Voici une tribune publiée par Hervé Morin, ministre de la Défense et président du Nouveau Centre.
Depuis 2007, le centre est à reconstruire. La principale cause de nos difficultés a été la confusion dans laquelle nous avons été placés, pour des raisons tactiques, au point que nul ne savait plus très bien quelles valeurs nous défendions. Cet excès de tactique nous a conduits à délaisser le fond, à oublier la cohérence de notre tradition intellectuelle et politique. Le centrisme n’est pas un mouvement indéterminé ou neutre que l’on peut mobiliser au service d’une ambition particulière.
Le centrisme est un projet de société. Il prend sa source dans un système de valeurs qui suppose de fermes options sur la manière de conduire les affaires publiques. Depuis les dernières élections nationales, je me suis attelé à une œuvre de reconstruction, initiant aussitôt la création du Nouveau Centre. En dix mois, ce jeune parti a dépassé les 7 000 adhérents. Nos premiers pas sont encourageants si l’on songe aux 22 000 membres que comptait l’UDF avant 2007. Le relèvement du parti centriste peut être désormais acté. Je voudrais ici ouvrir un second chantier, plus fondamental, qui est celui de la reconstruction doctrinale et politique, car si nous devons réaffirmer nos valeurs et poser avec plus de fermeté nos convictions, nous devons aussi expliquer dans quel type d’action publique elles s’incarnent.
La défense et la promotion des libertés forment un tout qui conditionne le projet centriste et en détermine le contenu. Je sais que, par culture, les centristes repoussent toutes les formes de dogmatisme. Ils sont ouverts au dialogue, à l’accord, au compromis. Ils répugnent au pur rapport de forces et lui préfèrent la recherche de l’équilibre. Il est certain que l’on ne saurait bâtir une société juste sans porter une éthique du compromis. Mais ce qui est une force éthique peut aussi parfois constituer une faiblesse politique, car la politique est un combat. En cinquante ans, sous la V e République, les centristes ne sont parvenus qu’une seule fois à populariser leurs conceptions. Nous le devons à Valéry Giscard d’Estaing.

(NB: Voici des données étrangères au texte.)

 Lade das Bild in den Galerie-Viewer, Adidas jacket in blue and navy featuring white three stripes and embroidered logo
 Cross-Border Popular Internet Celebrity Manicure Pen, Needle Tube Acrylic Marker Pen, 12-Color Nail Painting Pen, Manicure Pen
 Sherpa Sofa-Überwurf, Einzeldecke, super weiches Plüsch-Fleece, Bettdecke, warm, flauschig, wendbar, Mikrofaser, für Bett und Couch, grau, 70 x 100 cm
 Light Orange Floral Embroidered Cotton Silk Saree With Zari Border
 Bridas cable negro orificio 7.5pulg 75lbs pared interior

Que veulent les centristes sinon réussir à bâtir une société à la fois libre et juste ? Comment ne serions-nous pas très à l’aise dans ce monde nouveau dont la liberté est le principe, nous dont la philosophie repose sur la défense et la promotion des libertés, individuelles et collectives ? Les centristes veulent aider la France à s’inscrire dans ce temps, à retrouver le rythme de l’histoire, à renouer avec la jeunesse du monde. Oui, étrangement, la France semble à l’écart, alors que notre passion pour la liberté a donné les moments qui comptent parmi les plus glo rieux de notre histoire et les pages les plus brillantes de notre tradition philosophique. La l iberté semble nous inquiéter alors que nous la revendiquons toujours comme notre identité profonde. Plus grave encore, notre pays apparaît de plus en plus comme celui, inquiet, qui troque des sécurités contre des libertés, risques qu’ont si bien décrit Tocqueville et Bertrand de Jouvenel.

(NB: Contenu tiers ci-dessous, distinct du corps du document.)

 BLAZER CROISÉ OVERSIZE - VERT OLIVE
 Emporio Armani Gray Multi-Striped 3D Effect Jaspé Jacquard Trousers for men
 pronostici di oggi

C’est pourquoi les centristes doivent avoir le courage de promouvoir franchement la liberté économique et, en particulier, la liberté d’entreprendre, celle qui combine la réussite personnelle avec le progrès matériel de la collectivité dans son ensemble. Il est très préoccupant pour notre pays de constater que plus personne ne semble pouvoir revendiquer cette liberté sans être aussitôt qualifié d’«ultralibéral», formule qui est une sorte d’équivalent du cynisme absolu ! Proclamer son attachement à la liberté économique, c’est bien ; y contribuer, c’est mieux. Cela suppose de soutenir l’esprit d’initiative, d’encourager le risque, c’est-à-dire la création, l’innovation. Sans cela, il n’y aura ni richesses ni redistribution. Soyons concrets : encourager la liberté d’entreprendre, c’est, par exemple, comme nous le faisons aujourd’hui, supprimer l’imposition forfaitaire annuelle (IFA) qui pesait sur les PME.

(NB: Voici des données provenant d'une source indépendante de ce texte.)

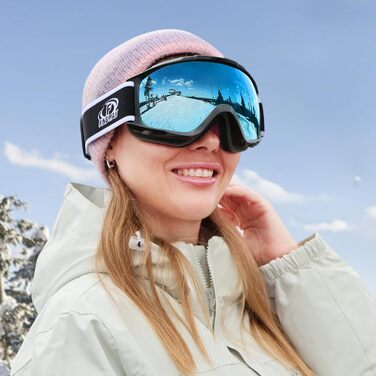 Скі-маска Findway для сноуборду та лиж, сумісна зі шоломом, для носіїв окулярів, захист від запотівання, сферична, дзеркальна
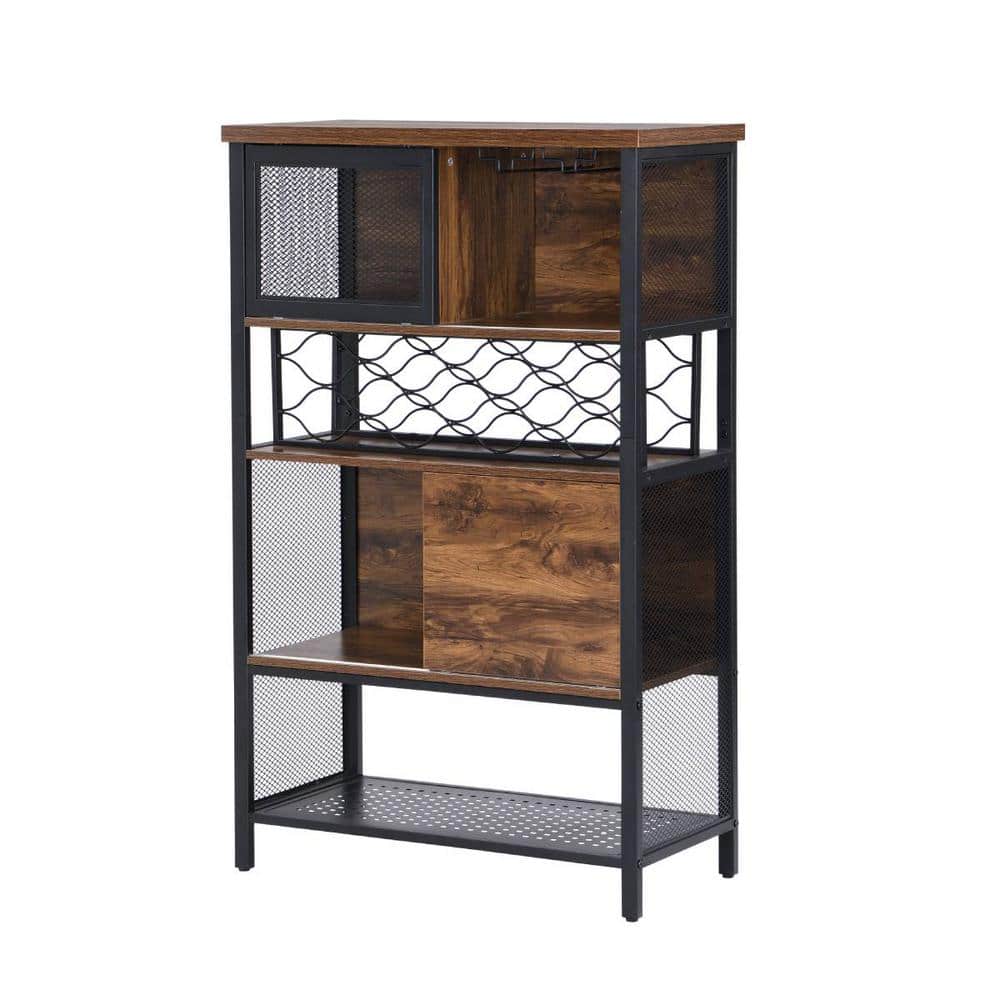 32.28 in. W x 15.75 in. D x 52.56 in. H Bathroom Brown Linen Cabinet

Notre libéralisme réclame un équilibre entre les libertés économiques et les libertés politiques. Les premières doivent être tempérées par les secondes. Au nom de l’idéal de justice, le centrisme veut aussi promouvoir une solidarité associative en appui et complément de la solidarité administrative. Une société n’est libre et conquérante que si elle est forte ; pour être forte, elle doit être responsable et solidaire.